- **TASK TO COMPLETE**: The result should be the lines from the one that contains "Master Time MTLA-10764-22Z" to the final line of the entries below, copied exactly and with no pictures.

- **DATA FOR THIS TASK**:

----

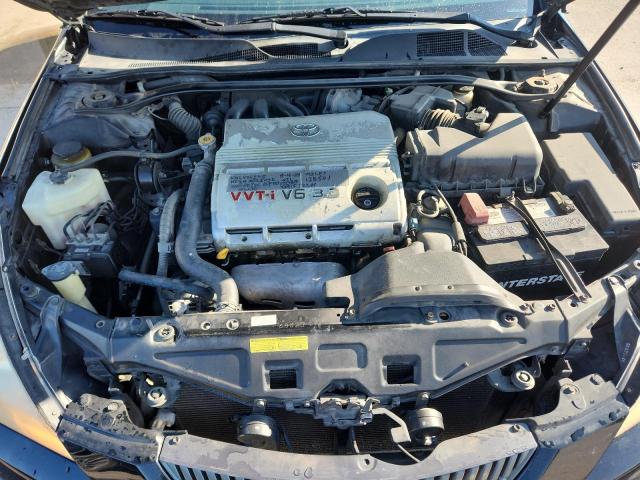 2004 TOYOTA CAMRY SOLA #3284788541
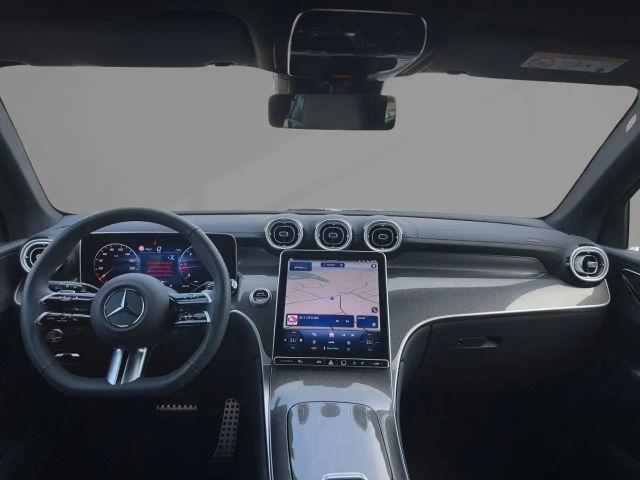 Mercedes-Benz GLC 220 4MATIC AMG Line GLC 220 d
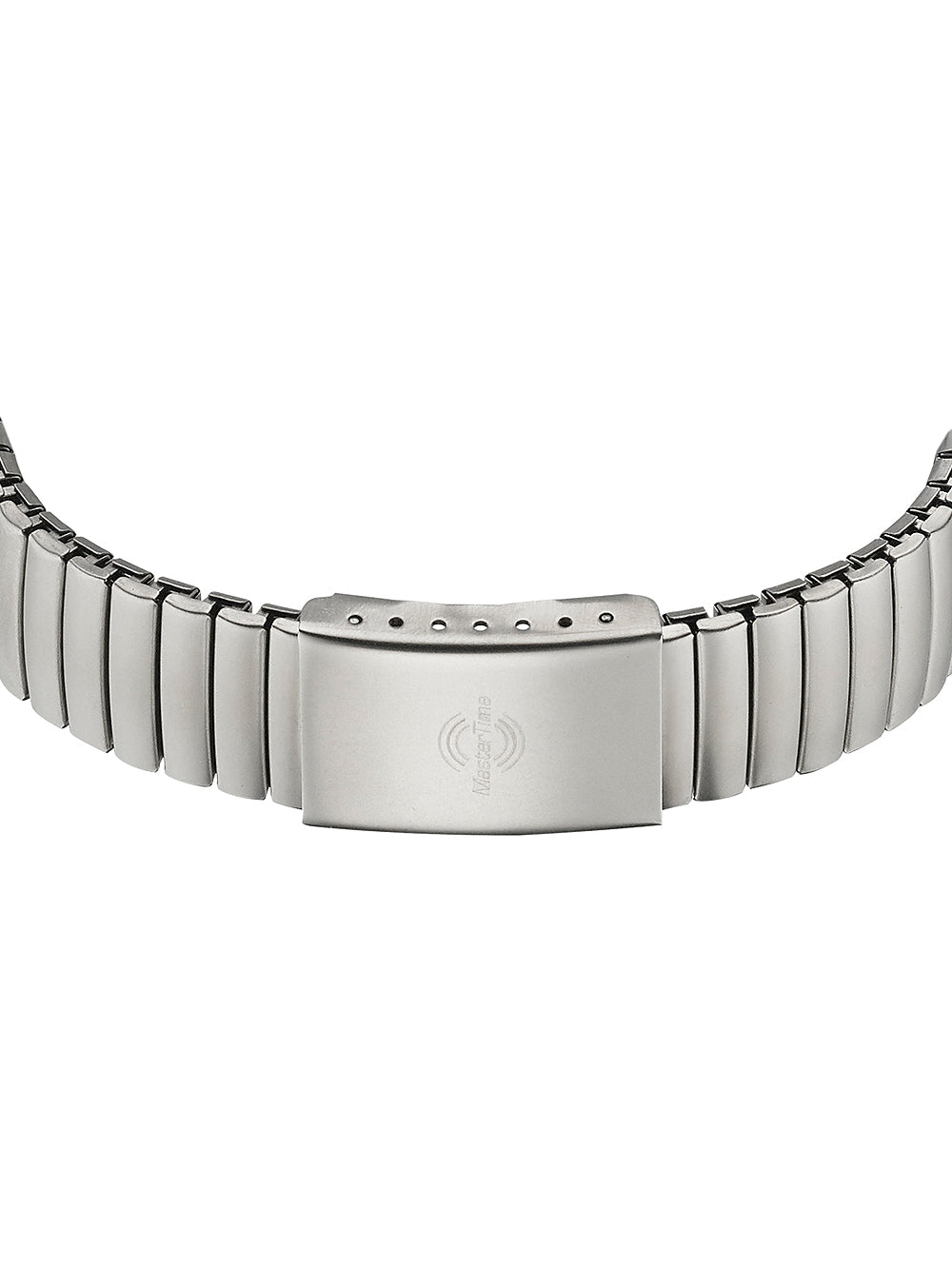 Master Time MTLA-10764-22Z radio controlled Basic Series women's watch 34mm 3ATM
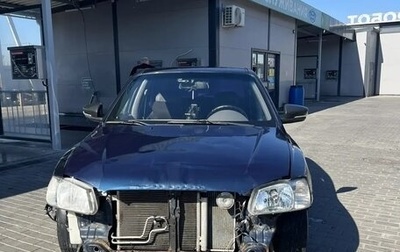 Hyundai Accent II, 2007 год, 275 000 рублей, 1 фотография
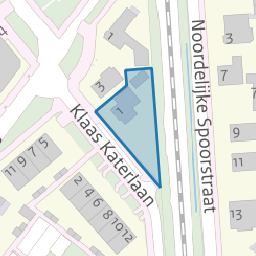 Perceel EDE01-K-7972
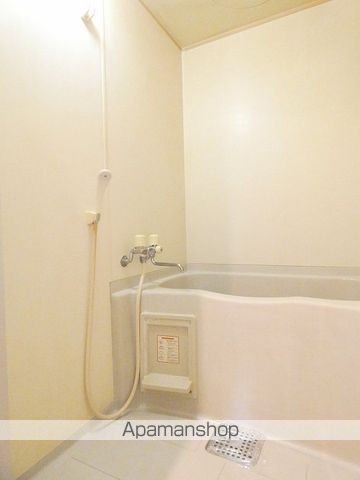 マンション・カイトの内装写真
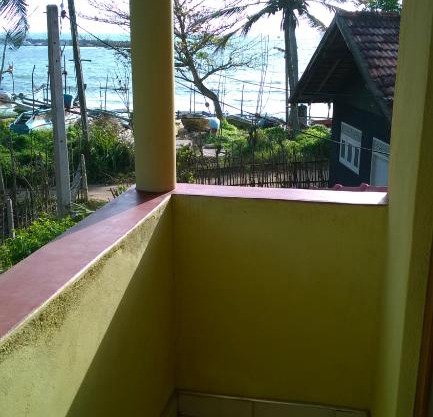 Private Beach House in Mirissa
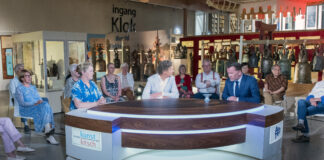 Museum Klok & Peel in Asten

----

- **REPLY**:
 Master Time MTLA-10764-22Z radio controlled Basic Series women's watch 34mm 3ATM
 Hyundai Accent II, 2007 год, 275 000 рублей, 1 фотография
 Perceel EDE01-K-7972
 マンション・カイトの内装写真
 Private Beach House in Mirissa
 Museum Klok & Peel in Asten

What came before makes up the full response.